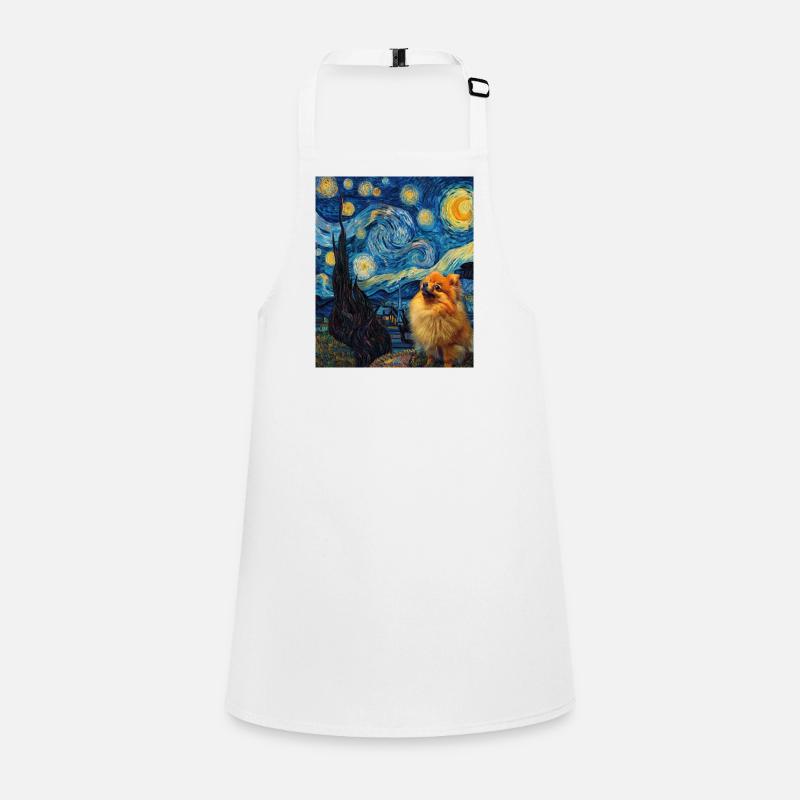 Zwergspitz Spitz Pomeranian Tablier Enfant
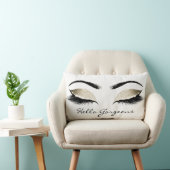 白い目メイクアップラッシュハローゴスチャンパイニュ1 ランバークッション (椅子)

* * *

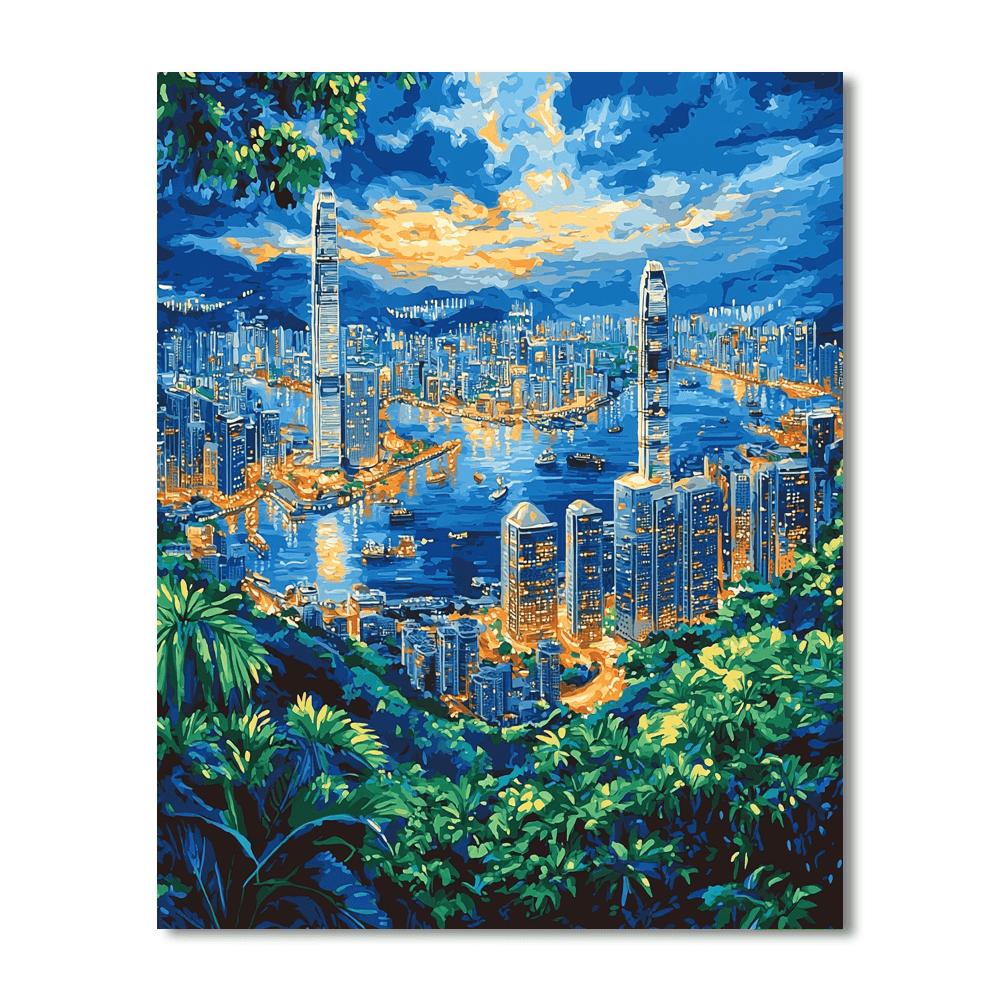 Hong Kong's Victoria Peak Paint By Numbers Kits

==

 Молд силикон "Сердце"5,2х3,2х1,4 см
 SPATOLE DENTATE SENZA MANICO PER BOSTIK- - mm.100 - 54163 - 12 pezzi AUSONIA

■ **ACTIVITY**:
Beginning with the line that contains "Zwergspitz Spitz Pomeranian Tablier Enfant", write out the lines of the material above exactly, and end with the line that contains "白い目メイクアップラッシュハローゴスチャンパイニュ1 ランバークッション (椅子)". Omit the pictures.

■ **EXPECTED ANSWER**:
 Zwergspitz Spitz Pomeranian Tablier Enfant
 白い目メイクアップラッシュハローゴスチャンパイニュ1 ランバークッション (椅子)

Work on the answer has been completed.